[Raw data]
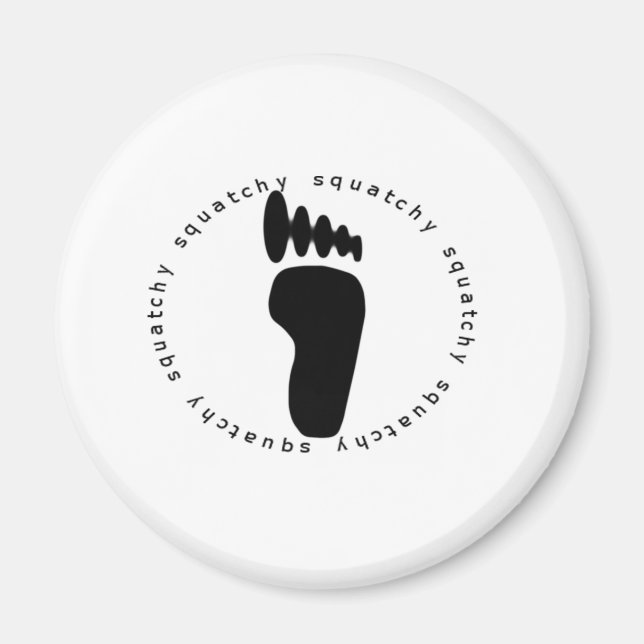 bigfot magnet (Framsidan)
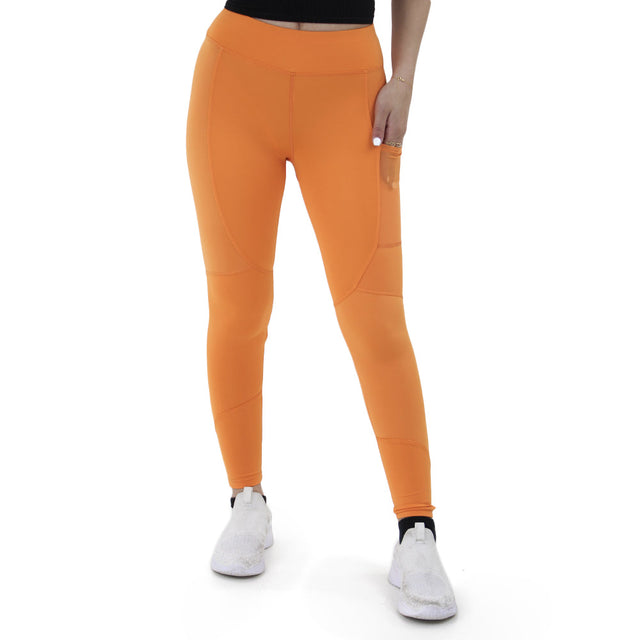 Image for Women's Legging With Mesh Pocket,Orange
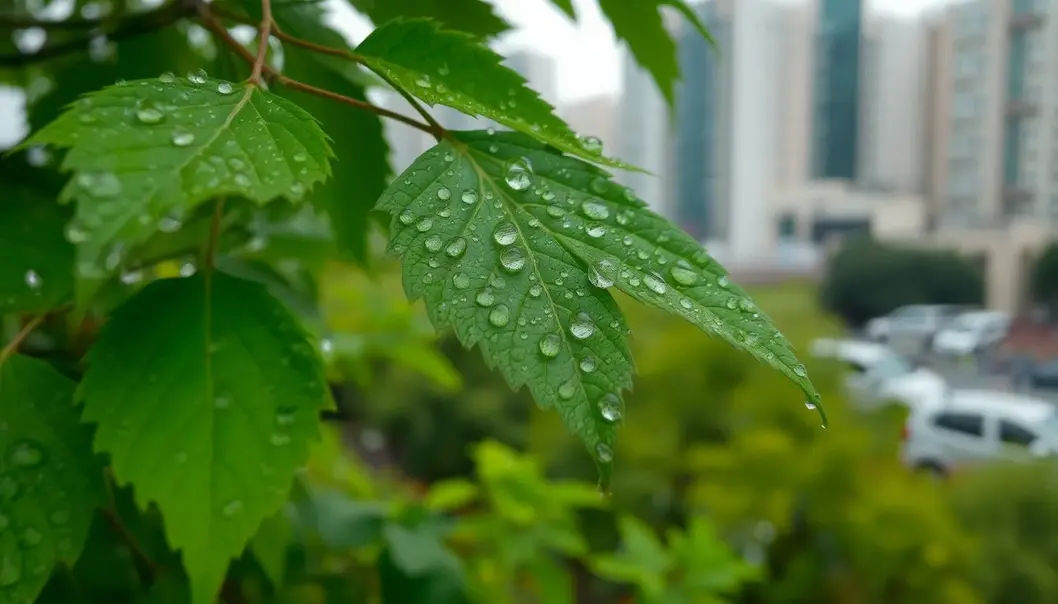 Trees provide essential shade, creating cooler urban environments.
[/Raw data]
◆ Exercise instructions
Output each line exactly as shown above; no pictures go in the copy.

◆ Answer space
 bigfot magnet (Framsidan)
 Image for Women's Legging With Mesh Pocket,Orange
 Trees provide essential shade, creating cooler urban environments.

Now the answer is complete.